Data excerpts:
· · · · · · ·
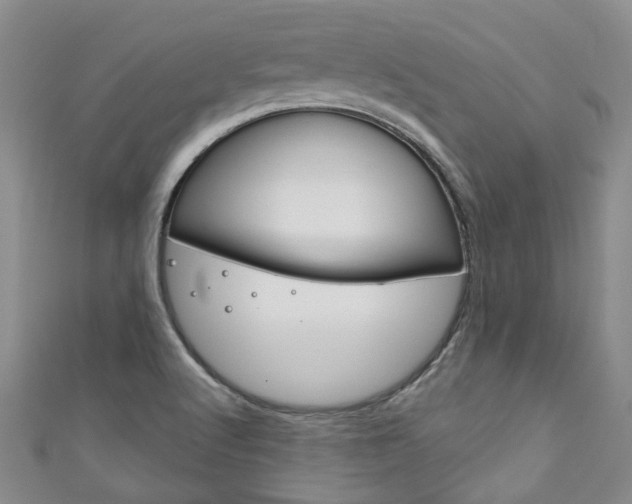 X0000111871512200907231140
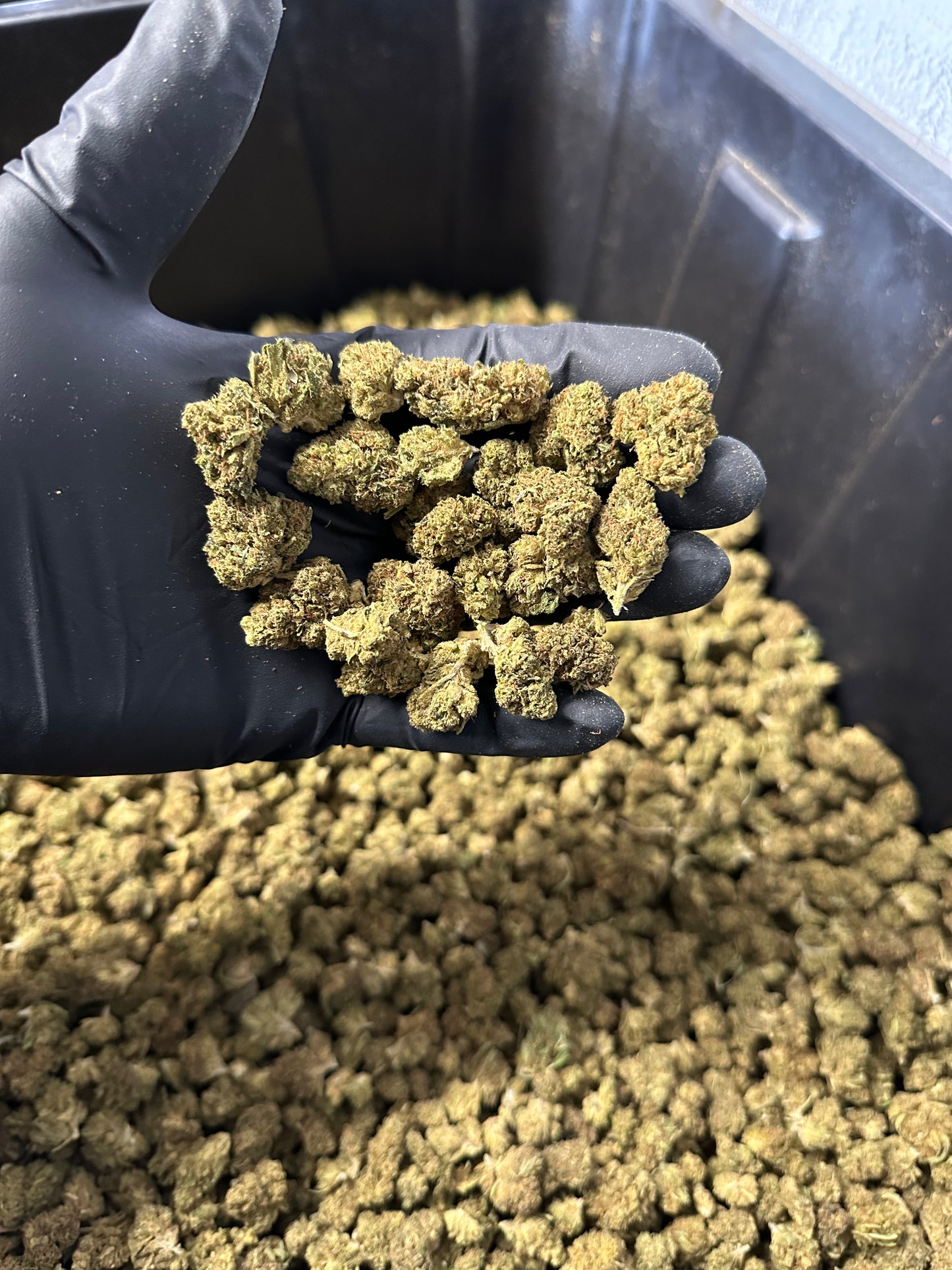 Lifter Smalls Hemp Flower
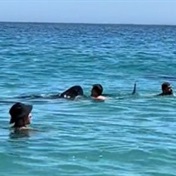 WATCH | Whale shark visits Cape Town beach in rare sighting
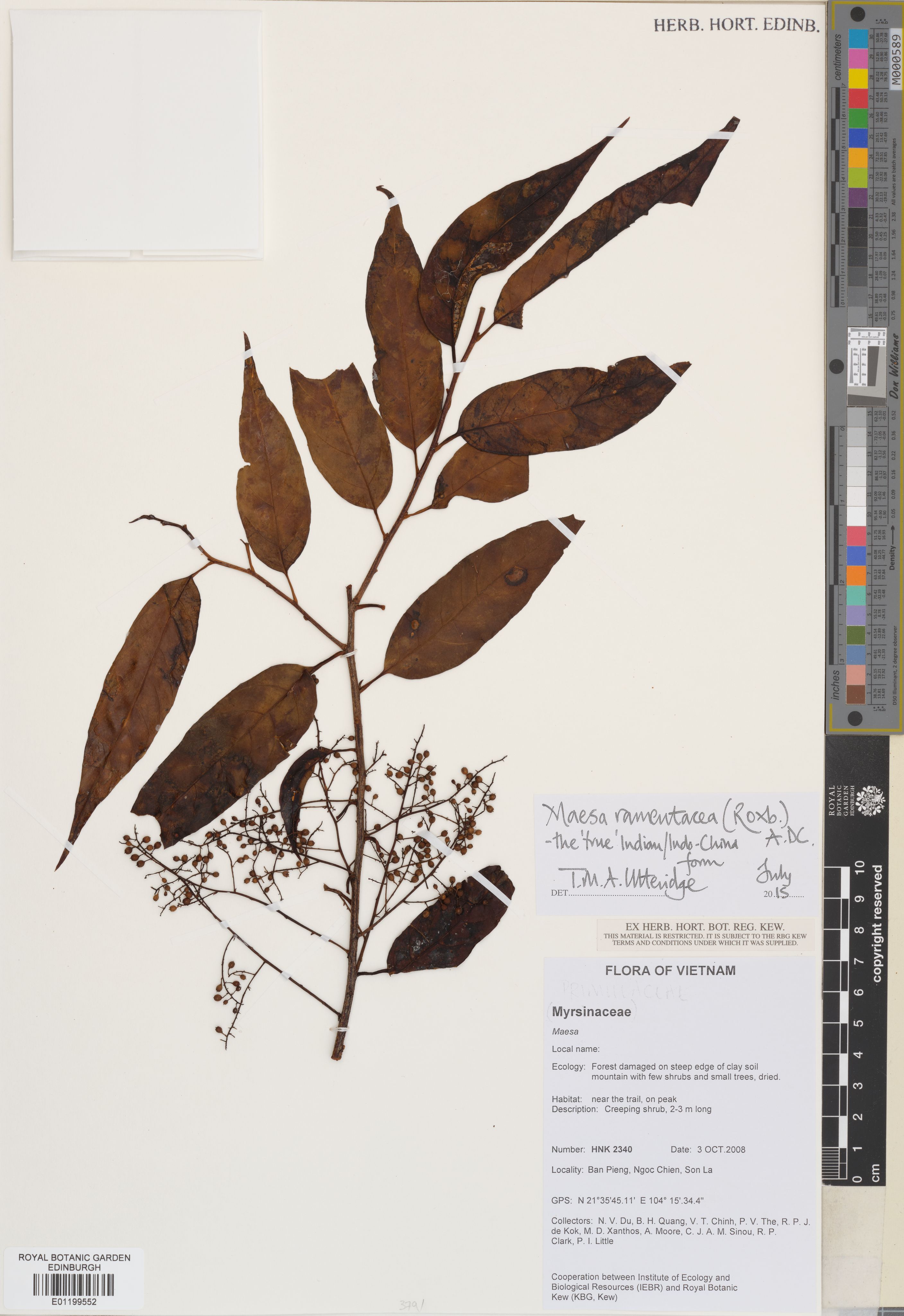 Maesa ramentacea — ảnh 2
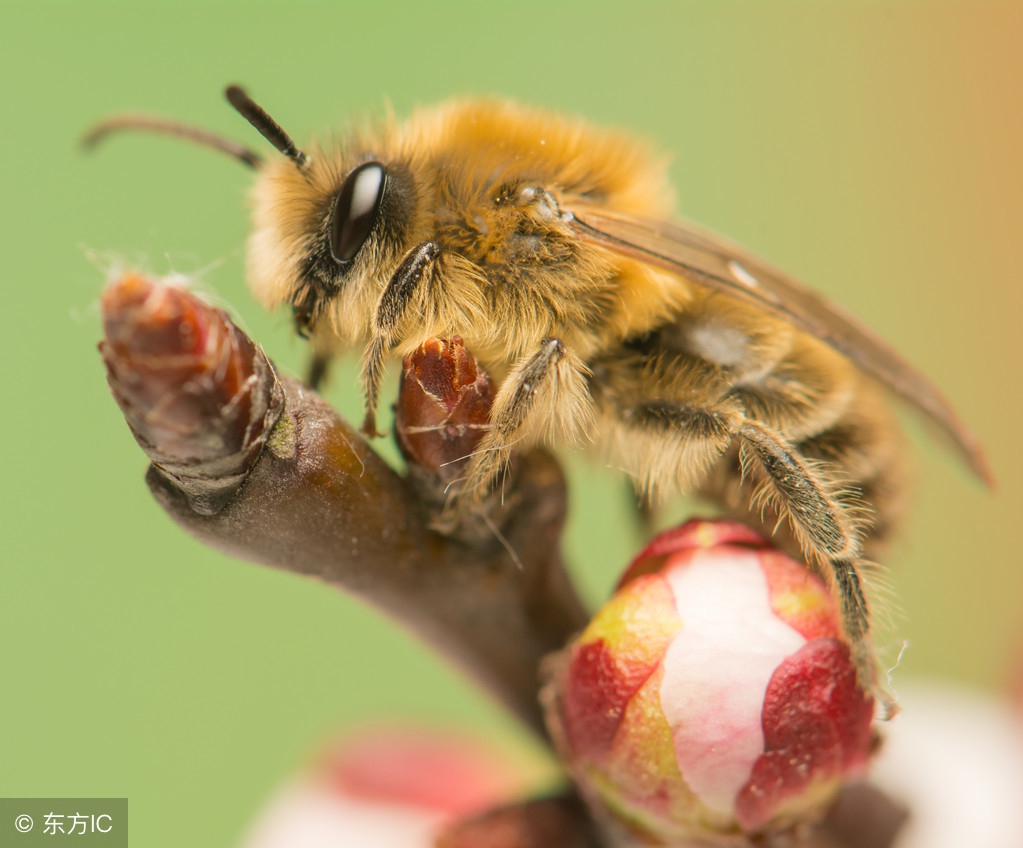 假期出游遇意外责任谁来承担,出游要知道的急救常识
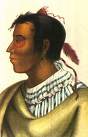 Chief Metea
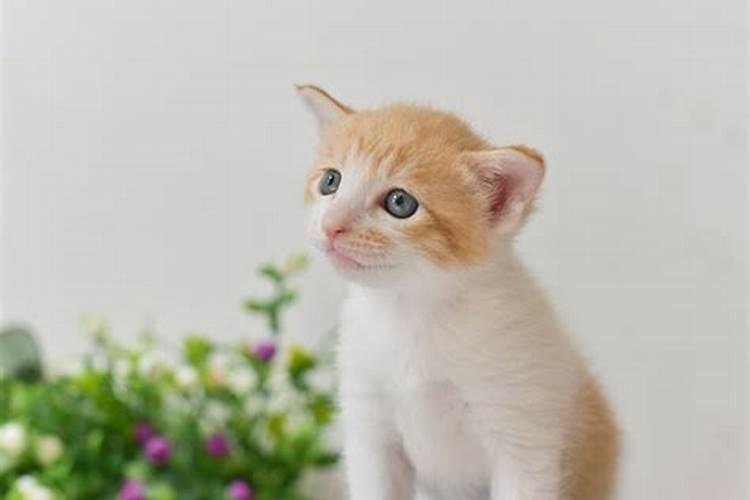 女人梦见猫生小猫是什么预兆
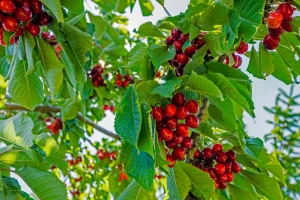 کود مایع مرغی برای آلبالو
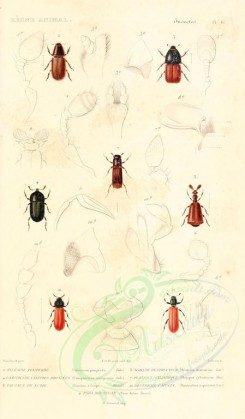 insects-00412 - 001-hylesinus, scolytus, camptocerus, platypus, paussus, bostrichus, psoa [1698x2900]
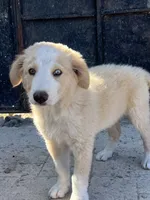 Ken  - Golden Aussie Collie, a male Border Collie for sale in Chula Vista, CA – 3 of 9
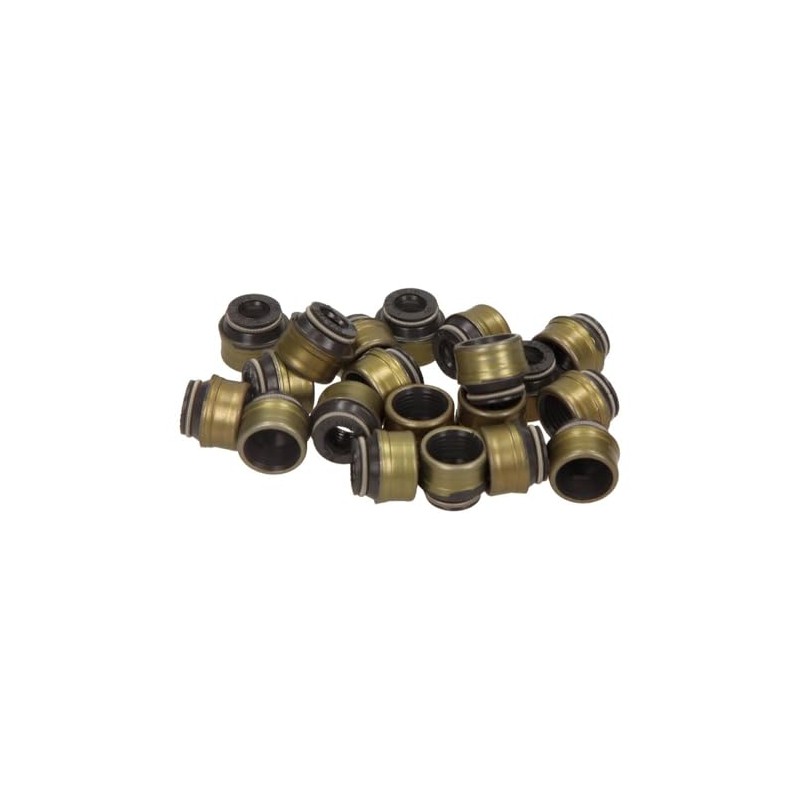 Reinz 12-31306-03 Gasket Kit, Valve Stem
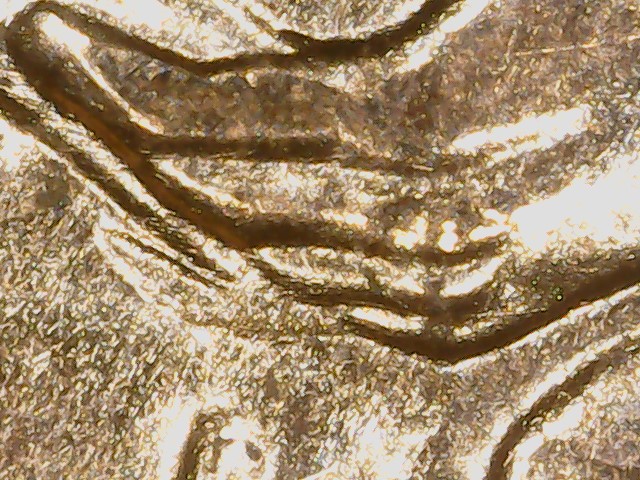Lincoln-Cent-2009-Fy-WDDR-025-/-FS-01-2009-805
· · · · · · ·
Task to carry out: Every line from the one containing "WATCH | Whale" to the final line of the records should be duplicated exactly; no picture is to be copied.

Response:
 WATCH | Whale shark visits Cape Town beach in rare sighting
 Maesa ramentacea — ảnh 2
 假期出游遇意外责任谁来承担,出游要知道的急救常识
 Chief Metea
 女人梦见猫生小猫是什么预兆
 کود مایع مرغی برای آلبالو
 insects-00412 - 001-hylesinus, scolytus, camptocerus, platypus, paussus, bostrichus, psoa [1698x2900]
 Ken  - Golden Aussie Collie, a male Border Collie for sale in Chula Vista, CA – 3 of 9
 Reinz 12-31306-03 Gasket Kit, Valve Stem
Lincoln-Cent-2009-Fy-WDDR-025-/-FS-01-2009-805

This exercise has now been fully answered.